Nem preciso relatar quão vermelho ficou de ira meu pai. Se ele não fosse uma pessoa controlada, talvez tivesse voado no seu pescoço. Eu de soslaio:
- Que coisa, é velha, gorda e tem uma língua...
Este é o novo Conde. Furibundo pelas infundadas acusações; mesmo que eu fosse, não lhes tenho a dizer respeito. Ao inferno todos, que o demônio lhes espera com o tridente!

sábado, outubro 9

O tempo é de fezes.
As engrenagens que regulam a nossa vida são - evidentemente - lubrificadas com excremento.
A ti.

Não há mais Novos Mundos a descobrir. Não há mais cabos das Tormentas para dobrar; nem mares infindáveis para sulcar com as naus. Tudo já foi feito, tudo já foi dito, falado e escrito. Tudo já foi pensado e milimetricamente esquadrinhado. Sou somente mais um soldado de infantaria, passando em desfile diante do teu palanque, a caminho duma guerra inútil que não terá fim.
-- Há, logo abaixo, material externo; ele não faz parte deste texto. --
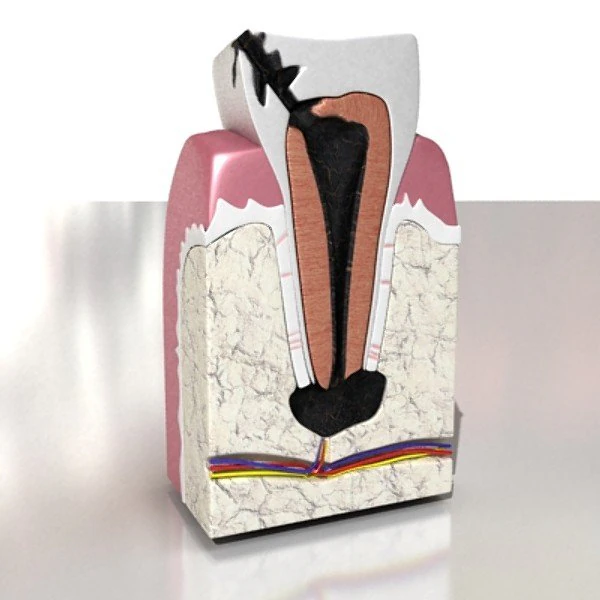 decayed tooth 3D Model .c4d .max .obj .3ds .fbx .stl .blend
A ti, minha princesa, soberana do meu coração, que posso oferecer-te? Não possuo nada mais que o meu capacete enlameado, meu fuzil oxidado e a cara suja de camuflagem preta, para esconder-me dos inimigos. Somente uma coisa te mando dos longitanos campos natais; e atravesso a coluna de soldados aos empurrões para oferecer-lha, apoiado nas pontas dos pés, dependurado na mureta do palanque, sob o olhar de ministros e pares-do-reino assombrados pela minha ousadia: um pequeno e delicado botão de rosa. É o que tenho. Até o futuro.